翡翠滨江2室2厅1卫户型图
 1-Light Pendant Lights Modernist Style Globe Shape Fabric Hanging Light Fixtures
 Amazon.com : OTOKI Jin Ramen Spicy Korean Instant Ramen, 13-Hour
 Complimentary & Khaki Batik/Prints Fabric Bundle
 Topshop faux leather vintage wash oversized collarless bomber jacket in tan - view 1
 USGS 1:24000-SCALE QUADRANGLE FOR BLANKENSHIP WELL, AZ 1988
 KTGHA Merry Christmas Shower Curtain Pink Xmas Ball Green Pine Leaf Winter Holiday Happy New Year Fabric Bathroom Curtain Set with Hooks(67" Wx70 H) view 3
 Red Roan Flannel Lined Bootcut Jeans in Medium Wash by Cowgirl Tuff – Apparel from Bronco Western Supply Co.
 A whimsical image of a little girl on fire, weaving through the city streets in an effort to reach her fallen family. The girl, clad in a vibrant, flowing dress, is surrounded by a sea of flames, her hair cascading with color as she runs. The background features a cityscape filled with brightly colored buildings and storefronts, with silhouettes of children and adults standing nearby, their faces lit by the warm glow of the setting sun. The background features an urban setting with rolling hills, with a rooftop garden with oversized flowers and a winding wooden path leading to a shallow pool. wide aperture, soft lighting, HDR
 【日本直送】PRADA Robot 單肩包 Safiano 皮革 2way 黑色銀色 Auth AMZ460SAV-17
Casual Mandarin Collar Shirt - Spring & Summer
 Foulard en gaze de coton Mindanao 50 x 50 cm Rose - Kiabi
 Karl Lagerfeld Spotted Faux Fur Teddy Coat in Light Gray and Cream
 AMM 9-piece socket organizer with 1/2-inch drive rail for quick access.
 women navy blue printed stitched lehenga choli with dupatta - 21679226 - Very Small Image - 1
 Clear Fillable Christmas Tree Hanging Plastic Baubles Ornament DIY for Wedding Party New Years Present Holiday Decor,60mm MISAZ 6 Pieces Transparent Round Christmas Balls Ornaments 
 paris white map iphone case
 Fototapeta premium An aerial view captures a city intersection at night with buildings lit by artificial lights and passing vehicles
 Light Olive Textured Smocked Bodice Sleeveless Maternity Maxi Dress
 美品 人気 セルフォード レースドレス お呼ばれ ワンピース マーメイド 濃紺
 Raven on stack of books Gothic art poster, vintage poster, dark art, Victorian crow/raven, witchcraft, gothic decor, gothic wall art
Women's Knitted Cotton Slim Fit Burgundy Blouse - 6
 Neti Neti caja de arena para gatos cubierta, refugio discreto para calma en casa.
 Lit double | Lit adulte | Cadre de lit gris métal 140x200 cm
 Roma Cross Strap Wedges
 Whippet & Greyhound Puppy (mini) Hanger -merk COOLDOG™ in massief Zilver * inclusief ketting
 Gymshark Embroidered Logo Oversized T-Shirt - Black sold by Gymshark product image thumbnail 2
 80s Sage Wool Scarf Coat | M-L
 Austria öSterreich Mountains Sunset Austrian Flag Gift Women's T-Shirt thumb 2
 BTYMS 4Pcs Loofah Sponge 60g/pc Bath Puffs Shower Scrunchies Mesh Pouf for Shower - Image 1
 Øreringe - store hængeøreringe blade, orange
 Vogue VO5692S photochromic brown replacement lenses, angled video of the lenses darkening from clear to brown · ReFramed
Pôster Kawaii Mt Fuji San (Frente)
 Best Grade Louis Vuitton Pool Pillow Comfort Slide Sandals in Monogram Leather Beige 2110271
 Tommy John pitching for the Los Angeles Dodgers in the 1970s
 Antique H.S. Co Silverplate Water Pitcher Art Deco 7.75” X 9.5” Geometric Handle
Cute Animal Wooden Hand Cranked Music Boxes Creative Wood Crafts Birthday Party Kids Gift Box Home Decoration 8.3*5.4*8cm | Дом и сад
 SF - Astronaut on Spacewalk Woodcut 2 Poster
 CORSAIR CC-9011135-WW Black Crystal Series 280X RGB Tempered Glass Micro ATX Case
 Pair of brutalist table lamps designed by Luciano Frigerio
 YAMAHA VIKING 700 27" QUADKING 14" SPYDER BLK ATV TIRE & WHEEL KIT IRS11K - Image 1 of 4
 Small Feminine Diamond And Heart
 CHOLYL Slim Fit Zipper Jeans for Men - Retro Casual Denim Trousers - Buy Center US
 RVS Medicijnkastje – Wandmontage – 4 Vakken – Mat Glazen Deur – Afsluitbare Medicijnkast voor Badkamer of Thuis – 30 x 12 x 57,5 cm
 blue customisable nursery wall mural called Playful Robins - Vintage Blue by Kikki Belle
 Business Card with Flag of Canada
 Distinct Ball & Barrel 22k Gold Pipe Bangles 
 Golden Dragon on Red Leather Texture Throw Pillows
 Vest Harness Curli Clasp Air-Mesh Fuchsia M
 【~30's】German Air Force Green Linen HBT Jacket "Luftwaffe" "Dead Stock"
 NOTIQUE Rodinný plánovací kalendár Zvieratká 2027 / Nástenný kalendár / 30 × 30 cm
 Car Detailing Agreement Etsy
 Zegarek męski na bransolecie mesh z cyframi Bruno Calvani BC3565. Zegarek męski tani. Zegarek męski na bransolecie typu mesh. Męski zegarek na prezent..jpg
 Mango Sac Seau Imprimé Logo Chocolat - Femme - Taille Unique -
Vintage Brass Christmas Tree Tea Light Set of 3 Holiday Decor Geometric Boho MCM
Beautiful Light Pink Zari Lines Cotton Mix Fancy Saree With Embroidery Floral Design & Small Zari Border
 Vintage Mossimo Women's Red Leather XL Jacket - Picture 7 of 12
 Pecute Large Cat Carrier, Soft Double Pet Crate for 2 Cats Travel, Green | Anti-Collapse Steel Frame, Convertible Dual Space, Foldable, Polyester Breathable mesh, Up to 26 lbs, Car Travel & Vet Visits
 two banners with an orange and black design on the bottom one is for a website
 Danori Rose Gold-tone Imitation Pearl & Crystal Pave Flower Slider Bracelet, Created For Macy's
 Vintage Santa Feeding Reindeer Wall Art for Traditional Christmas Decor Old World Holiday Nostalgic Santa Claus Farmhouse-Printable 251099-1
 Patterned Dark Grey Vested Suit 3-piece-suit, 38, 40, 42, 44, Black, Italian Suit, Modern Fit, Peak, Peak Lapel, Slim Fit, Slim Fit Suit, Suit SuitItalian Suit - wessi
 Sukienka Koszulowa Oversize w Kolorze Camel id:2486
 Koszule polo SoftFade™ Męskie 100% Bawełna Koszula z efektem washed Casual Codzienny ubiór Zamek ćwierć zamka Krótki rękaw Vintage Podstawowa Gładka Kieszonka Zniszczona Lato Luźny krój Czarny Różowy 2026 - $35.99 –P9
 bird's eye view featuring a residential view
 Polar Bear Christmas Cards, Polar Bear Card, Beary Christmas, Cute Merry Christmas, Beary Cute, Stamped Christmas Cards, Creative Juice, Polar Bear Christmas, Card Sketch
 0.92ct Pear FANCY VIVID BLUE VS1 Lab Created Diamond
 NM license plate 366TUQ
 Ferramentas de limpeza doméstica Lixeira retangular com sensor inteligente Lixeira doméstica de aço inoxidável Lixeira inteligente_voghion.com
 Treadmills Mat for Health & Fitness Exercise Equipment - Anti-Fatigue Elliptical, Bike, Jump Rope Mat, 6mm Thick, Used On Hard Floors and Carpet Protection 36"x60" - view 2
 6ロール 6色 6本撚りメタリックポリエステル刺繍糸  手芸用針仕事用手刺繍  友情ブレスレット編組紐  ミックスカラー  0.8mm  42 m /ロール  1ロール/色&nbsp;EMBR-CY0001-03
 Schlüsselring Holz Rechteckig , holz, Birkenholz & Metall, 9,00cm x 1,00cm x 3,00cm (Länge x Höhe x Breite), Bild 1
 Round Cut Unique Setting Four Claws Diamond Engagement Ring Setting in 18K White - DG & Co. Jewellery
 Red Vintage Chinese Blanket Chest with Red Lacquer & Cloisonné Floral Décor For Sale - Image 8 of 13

------

The problem: Would you copy, unchanged, the stretch of the records above that begins at the line containing "1-Light Pendant Lights" and ends at the line containing "Red Roan Flannel", and only that?

Reply:
 1-Light Pendant Lights Modernist Style Globe Shape Fabric Hanging Light Fixtures
 Amazon.com : OTOKI Jin Ramen Spicy Korean Instant Ramen, 13-Hour
 Complimentary & Khaki Batik/Prints Fabric Bundle
 Topshop faux leather vintage wash oversized collarless bomber jacket in tan - view 1
 USGS 1:24000-SCALE QUADRANGLE FOR BLANKENSHIP WELL, AZ 1988
 KTGHA Merry Christmas Shower Curtain Pink Xmas Ball Green Pine Leaf Winter Holiday Happy New Year Fabric Bathroom Curtain Set with Hooks(67" Wx70 H) view 3
 Red Roan Flannel Lined Bootcut Jeans in Medium Wash by Cowgirl Tuff – Apparel from Bronco Western Supply Co.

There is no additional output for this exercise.